Short web captions:
┌──
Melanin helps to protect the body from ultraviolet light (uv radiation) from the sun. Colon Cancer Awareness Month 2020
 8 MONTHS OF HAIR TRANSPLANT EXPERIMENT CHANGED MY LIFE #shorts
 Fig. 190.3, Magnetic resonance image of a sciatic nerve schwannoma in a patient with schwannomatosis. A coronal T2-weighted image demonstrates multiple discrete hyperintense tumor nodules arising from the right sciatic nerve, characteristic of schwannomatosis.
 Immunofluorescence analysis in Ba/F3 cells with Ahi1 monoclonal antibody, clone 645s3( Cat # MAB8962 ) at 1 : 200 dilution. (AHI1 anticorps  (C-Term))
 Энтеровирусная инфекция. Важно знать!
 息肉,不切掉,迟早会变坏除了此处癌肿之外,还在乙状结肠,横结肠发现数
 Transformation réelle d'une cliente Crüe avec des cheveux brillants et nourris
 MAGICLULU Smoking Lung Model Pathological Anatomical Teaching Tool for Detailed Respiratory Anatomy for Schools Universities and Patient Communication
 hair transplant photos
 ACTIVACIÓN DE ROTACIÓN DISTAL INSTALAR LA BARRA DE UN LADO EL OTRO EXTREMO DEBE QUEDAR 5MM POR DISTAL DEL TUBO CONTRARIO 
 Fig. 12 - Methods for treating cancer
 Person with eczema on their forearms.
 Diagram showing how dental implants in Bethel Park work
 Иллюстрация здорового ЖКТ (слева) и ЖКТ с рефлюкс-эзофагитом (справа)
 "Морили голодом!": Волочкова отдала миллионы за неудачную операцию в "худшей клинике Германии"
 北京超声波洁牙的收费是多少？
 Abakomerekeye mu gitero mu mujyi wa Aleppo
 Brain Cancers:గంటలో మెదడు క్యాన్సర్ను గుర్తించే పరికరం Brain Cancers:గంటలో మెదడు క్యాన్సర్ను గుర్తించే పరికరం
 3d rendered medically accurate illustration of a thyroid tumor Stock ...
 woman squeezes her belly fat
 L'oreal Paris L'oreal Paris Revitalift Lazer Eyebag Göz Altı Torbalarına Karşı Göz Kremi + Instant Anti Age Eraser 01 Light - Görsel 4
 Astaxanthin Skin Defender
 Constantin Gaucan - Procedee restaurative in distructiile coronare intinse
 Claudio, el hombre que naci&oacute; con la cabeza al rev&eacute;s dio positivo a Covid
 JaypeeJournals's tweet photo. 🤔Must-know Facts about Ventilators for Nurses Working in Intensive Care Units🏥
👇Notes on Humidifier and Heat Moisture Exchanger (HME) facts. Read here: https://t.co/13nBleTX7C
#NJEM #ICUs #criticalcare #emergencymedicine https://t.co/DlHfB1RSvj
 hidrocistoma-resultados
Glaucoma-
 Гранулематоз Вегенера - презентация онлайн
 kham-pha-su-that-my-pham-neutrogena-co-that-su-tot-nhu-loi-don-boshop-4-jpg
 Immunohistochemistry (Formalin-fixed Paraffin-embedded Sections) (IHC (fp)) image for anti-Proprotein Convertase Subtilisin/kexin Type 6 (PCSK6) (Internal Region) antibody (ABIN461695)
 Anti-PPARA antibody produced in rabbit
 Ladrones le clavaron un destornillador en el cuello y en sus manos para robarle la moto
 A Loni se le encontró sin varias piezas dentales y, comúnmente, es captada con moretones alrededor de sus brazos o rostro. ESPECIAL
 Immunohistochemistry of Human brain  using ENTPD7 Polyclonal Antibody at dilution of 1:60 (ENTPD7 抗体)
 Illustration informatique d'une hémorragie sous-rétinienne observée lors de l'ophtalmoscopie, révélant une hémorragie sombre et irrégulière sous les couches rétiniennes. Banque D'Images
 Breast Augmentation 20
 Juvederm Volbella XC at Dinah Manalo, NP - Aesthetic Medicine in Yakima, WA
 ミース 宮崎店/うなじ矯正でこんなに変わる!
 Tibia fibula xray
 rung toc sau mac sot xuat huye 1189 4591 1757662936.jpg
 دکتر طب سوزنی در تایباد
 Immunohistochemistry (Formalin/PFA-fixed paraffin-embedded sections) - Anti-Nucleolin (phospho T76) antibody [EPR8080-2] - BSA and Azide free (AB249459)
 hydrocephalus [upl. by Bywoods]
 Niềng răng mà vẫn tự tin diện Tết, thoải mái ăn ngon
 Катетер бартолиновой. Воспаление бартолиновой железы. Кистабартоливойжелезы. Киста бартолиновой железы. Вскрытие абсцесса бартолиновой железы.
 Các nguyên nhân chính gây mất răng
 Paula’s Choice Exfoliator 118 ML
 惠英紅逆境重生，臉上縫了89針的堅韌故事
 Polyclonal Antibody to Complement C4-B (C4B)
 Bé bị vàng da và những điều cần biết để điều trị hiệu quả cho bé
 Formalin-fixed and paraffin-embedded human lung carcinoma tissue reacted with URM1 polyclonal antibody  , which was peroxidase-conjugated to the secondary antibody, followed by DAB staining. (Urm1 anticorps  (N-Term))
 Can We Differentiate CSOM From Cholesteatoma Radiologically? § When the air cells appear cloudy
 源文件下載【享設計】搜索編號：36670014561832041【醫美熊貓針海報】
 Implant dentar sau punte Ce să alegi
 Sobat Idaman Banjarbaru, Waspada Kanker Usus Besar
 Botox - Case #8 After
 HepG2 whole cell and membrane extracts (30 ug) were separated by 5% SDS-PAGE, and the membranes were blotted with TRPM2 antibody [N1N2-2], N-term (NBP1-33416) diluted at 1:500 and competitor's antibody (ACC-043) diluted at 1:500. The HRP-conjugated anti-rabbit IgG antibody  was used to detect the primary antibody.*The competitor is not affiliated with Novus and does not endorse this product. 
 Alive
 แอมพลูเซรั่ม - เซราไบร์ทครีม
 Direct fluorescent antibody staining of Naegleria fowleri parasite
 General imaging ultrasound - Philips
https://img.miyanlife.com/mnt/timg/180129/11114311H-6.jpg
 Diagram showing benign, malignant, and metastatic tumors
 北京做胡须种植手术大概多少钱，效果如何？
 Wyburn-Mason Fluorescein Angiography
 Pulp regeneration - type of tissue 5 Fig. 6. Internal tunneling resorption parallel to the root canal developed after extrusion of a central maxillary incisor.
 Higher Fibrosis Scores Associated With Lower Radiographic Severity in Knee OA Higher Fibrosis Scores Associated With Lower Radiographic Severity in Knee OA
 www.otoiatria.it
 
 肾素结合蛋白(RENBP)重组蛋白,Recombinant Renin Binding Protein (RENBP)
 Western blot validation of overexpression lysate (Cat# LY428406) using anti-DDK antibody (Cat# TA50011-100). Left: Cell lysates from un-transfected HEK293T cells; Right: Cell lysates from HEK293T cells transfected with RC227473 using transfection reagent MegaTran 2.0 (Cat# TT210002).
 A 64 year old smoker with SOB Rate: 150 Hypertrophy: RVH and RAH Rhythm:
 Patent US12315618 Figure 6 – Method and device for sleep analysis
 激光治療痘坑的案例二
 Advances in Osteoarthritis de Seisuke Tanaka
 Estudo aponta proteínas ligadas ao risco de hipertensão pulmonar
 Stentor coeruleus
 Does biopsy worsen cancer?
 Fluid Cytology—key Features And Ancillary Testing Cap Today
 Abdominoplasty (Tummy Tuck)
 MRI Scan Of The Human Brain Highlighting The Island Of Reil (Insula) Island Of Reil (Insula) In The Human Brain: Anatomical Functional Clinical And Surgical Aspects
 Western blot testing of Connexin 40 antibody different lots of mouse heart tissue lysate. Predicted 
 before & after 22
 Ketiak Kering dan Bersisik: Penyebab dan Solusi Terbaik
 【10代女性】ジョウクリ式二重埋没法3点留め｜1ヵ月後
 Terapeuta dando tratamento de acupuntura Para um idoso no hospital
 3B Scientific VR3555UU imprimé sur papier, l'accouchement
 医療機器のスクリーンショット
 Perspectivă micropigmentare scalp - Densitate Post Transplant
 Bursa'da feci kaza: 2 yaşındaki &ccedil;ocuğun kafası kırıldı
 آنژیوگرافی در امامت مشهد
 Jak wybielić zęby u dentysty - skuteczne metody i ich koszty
└──
* [Task] For the records above, count the lines holding the word "lysate" and give only that number.

* [Exercise response] 2